I can confirm that I have replicated the issue in my local MAAS test bed.

I'm seeing behavior such as this:

$ maas admin device claim-sticky-ip-address node-ad58adcc-980a-11e5-a692-525400130e6f
Success.
Machine-readable output follows:
{
    "macaddress_set": [
        {
            "mac_address": "01:02:03:04:05:07"
        }
    ],
    "zone": {
        "resource_uri": "/MAAS/api/1.0/zones/default/",
        "name": "default",
        "description": ""
    },
    "parent": "node-0f48bcc8-9263-11e5-9fc7-525400130e6f",
    "ip_addresses": [],
    "hostname": "cheap-coast.maas",
    "system_id": "node-ad58adcc-980a-11e5-a692-525400130e6f",
    "owner": "root",
    "tag_names": [],
    "resource_uri": "/MAAS/api/1.0/devices/node-ad58adcc-980a-11e5-a692-525400130e6f/"
}

I would expect to see some ip_addresses here, but we've got nothing.

I'm still working on the root cause.

Mike Pontillo (mpontillo) wrote :

Getting closer:

http://paste.ubuntu.com/13595538/

I still don't know exactly why this is happening, but I think I can get it fixed within a day.

Dimiter Naydenov (dimitern) wrote :

Related bug #1520199 fixed in 1.25 and master.

no longer affects: juju-core
Changed in juju-core (Ubuntu):
status: New → Invalid
affects: juju-core (Ubuntu) → ubuntu
affects: ubuntu → juju-core
no longer affects: juju-core
Andres Rodriguez (andreserl) wrote :

Ok,

After doing some manual testing yesterday, I've been unable to reproduce this bug.

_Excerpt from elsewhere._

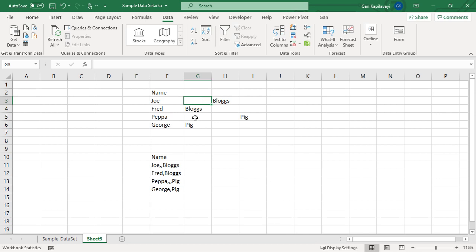With three commas, the first comma is the delimiter and the two commas create two spaces here. But you want to treat these consecutive commas as one, which means that this Pig will come here and this Bloggs will come here.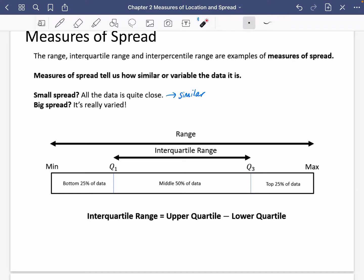I've got a diagram here to represent a dataset. There's a minimum, then Q1 which is the lower quartile, then Q2 which is the median, then Q3 the upper quartile, and then the maximum. Between the minimum and Q1 is the bottom 25% of the data. The middle 50% is between Q1 and Q3, and the top 25% is between the upper quartile and the maximum.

This is what I see in the MAAS logging:

Dec 3 06:56:15 trusty-maas9 maas.api: [INFO] juju-machine-1-lxc-0: Added new device
Dec 3 06:56:15 trusty-maas9 maas.api: [INFO] juju-machine-1-lxc-0: Sticky IP address(es) allocated: 192.168.10.104
Dec 3 06:56:15 trusty-maas9 maas.dns: [INFO] Generating new DNS zone file for maas
Dec 3 06:56:15 trusty-maas9 maas.dns: [INFO] Generating new DNS zone file for 10.168.192.in-addr.arpa
Dec 3 06:57:06 trusty-maas9 maas.import-images: [INFO] Started importing boot images.
Dec 3 06:57:06 trusty-maas9 maas.import-images: [INFO] Finished importing boot images, the region does not have any new images.
Dec 3 06:57:11 trusty-maas9 maas.lease_upload_service: [INFO] Uploading 48 DHCP leases to region controller.
Dec 3 06:59:59 trusty-maas9 maas.api: [INFO] juju-machine-1-lxc-1: Added new device
Dec 3 06:59:59 trusty-maas9 maas.api: [INFO] juju-machine-1-lxc-1: Sticky IP address(es) allocated: 192.168.10.105
Dec 3 06:59:59 trusty-maas9 maas.dns: [INFO] Generating new DNS zone file for maas
Dec 3 06:59:59 trusty-maas9 maas.dns: [INFO] Generating new DNS zone file for 10.168.192.in-addr.arpa
Dec 3 07:00:08 trusty-maas9 maas.api: [INFO] juju-machine-1-lxc-2: Added new device
Dec 3 07:00:08 trusty-maas9 maas.api: [INFO] juju-machine-1-lxc-2: Sticky IP address(es) allocated: 192.168.10.106
Dec 3 07:00:09 trusty-maas9 maas.dns: [INFO] Generating new DNS zone file for maas
Dec 3 07:00:09 trusty-maas9 maas.dns: [INFO] Generating new DNS zone file for 10.168.192.in-addr.arpa

I've verified that the containers get the right IP address and DNS record, and everything works as expected. That being said, this was a 1.9 freshest install and it wasn't an upgrade from 1.8.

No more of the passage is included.